Reproduce exactly, and only, the lines of the material below running from the line bearing "Townhouse in Alicante, Spanien" through the line bearing "Photo - 8324 SE Rhine St Apartment". Leave any pictures out.

> [Data for analysis]:
- - - - -

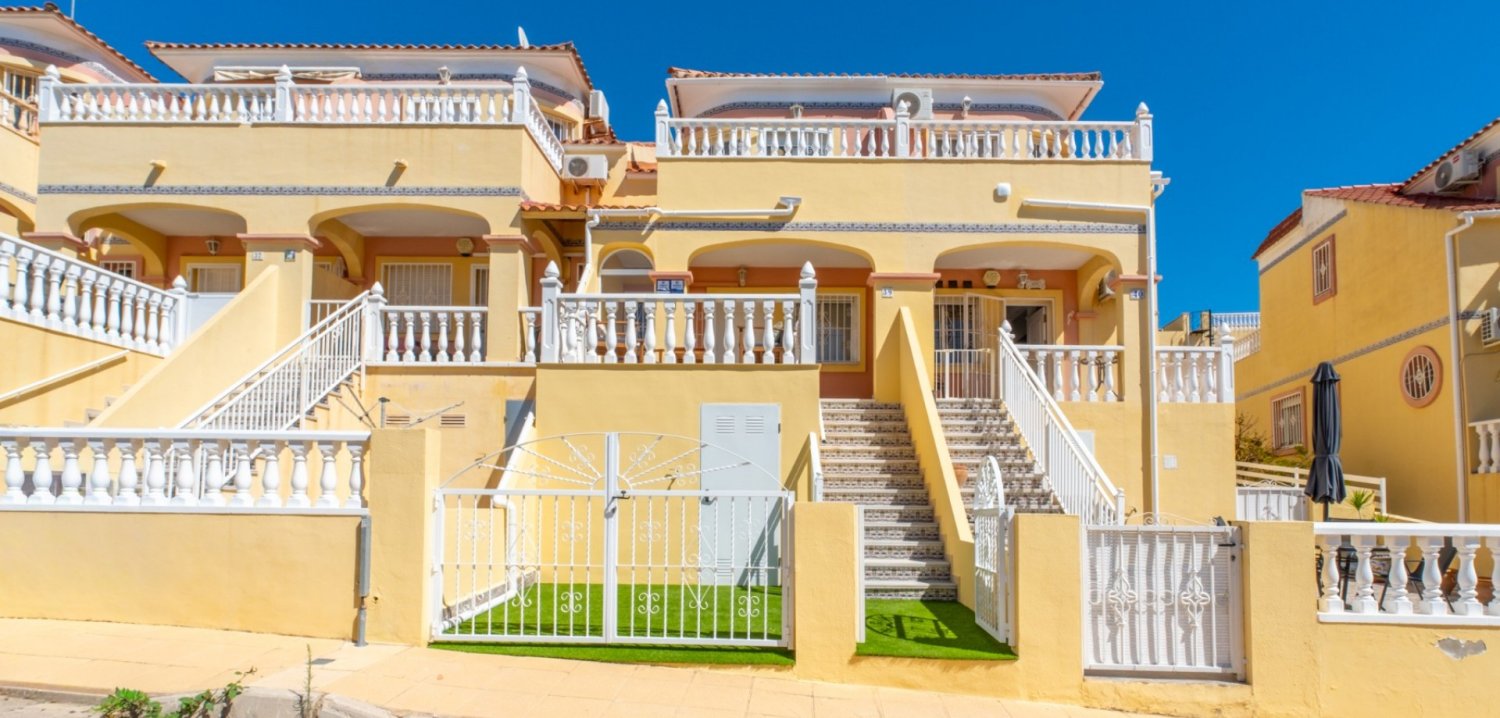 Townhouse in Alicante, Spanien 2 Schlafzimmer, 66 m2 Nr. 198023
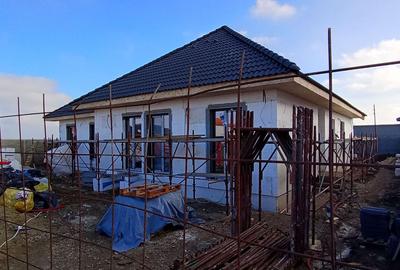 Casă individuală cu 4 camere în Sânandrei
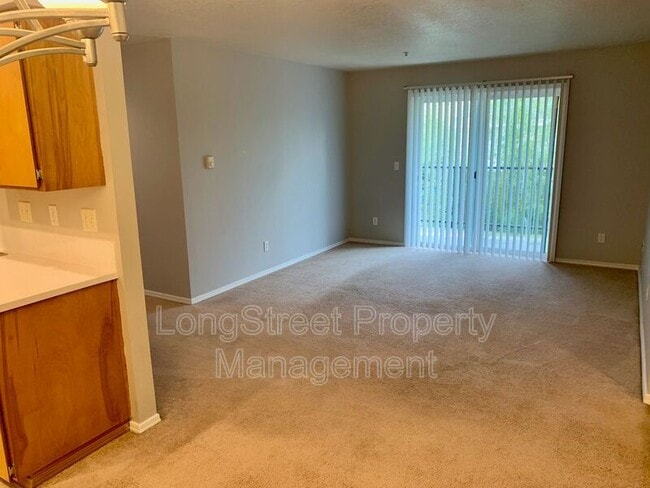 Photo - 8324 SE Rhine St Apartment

- - - - -

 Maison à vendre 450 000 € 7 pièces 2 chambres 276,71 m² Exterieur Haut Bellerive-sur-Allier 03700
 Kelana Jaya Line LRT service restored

- - - - -

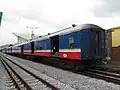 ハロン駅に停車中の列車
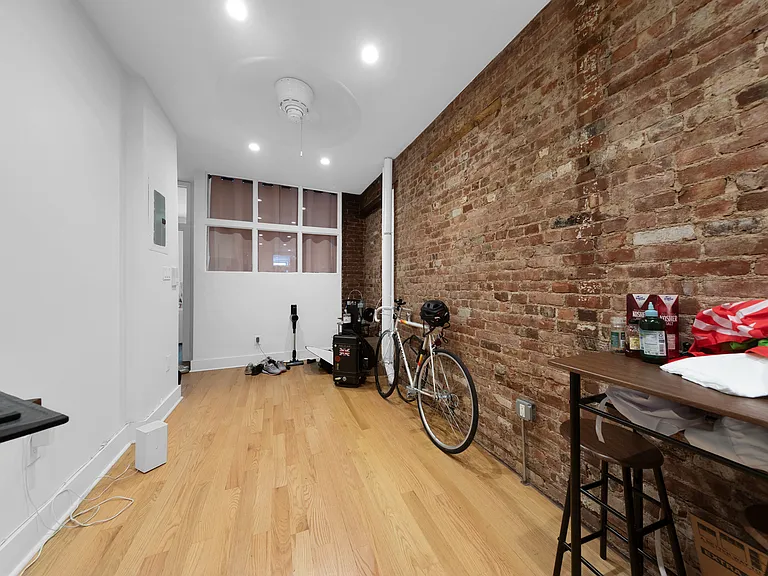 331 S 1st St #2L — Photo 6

- - - - -

> [Exercise answer]:
 Townhouse in Alicante, Spanien 2 Schlafzimmer, 66 m2 Nr. 198023
 Casă individuală cu 4 camere în Sânandrei
 Photo - 8324 SE Rhine St Apartment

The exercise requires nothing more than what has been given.